Migrants don’t make extremists, says top human right official

Any link between extremism and the thousands of people fleeing violence in Syria and elsewhere is false, a top European human rights official said Friday, noting that those who have perpetrated recent attacks in Europe were citizens of European countries.

Council of Europe Human Rights Commissioner Nils Muiznieks said that the primary risk lies with foreign fighters returning from Syria and other war zones, saying they should be “monitored very, very closely.”

“The terrorists are already among us, they are our citizens,” Muiznieks told The Associated Press in an interview. “They are not arriving.
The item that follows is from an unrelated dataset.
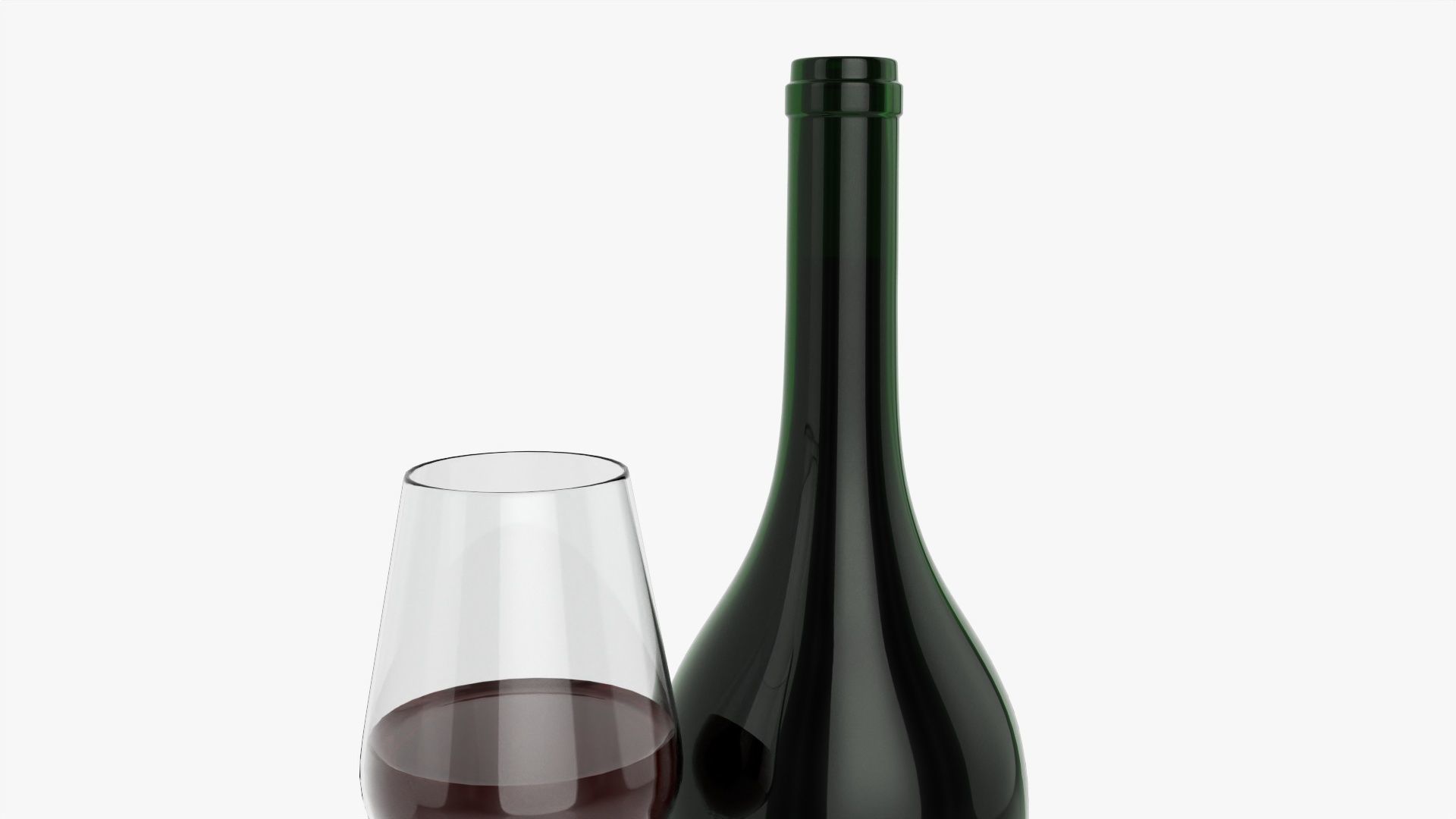 Wine bottle mockup 12 with glass 3D model_3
They are here.”

Muiznieks said some European countries must “overcome the illusion” that they can avoid receiving migrants and asylum-seekers by building fences or raising bureaucratic obstacles, insisting that it's the responsibility of all European countries to welcome them.
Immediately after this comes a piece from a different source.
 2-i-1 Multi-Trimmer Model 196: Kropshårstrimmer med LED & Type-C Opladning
Although around a million migrants have arrived to Europe this year, Muiznieks said the “world's richest and most stable continent” can absorb many more.

“Higher fences and the militarization of borders is not the solution,” he said. “I don't think that's the kind of Europe that we want to live in.”
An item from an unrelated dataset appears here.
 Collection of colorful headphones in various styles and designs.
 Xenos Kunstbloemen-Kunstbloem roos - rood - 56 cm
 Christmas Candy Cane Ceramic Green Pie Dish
He said Europe must initiate large-scale refugee resettlement procedures at refugee camps in countries neighboring Syria to prevent them from putting their lives at risk by taking the often-hazardous land and sea journey to the continent.

Muiznieks said that although he initially harbored doubts over European Union plans to distribute refugees to EU-member countries based on a quota system, he said that he sees “no other way” because voluntary relocation schemes haven't worked.

He said this type of relocation plan is likely to accelerate soon in hopes that take the pressure off frontline countries like Greece and Italy which have borne the brunt of arrivals.

The official said the EU needs to help countries with integrating asylum seekers and allow for family members left behind to join them in their new home.

Another key action Brussels needs to take is to help Turkey “bring order” to its own migration rules. Many people from countries that aren't embroiled in conflict are abusing Turkey's visa-free policy to enter the country and move on to Europe, Muizniks said.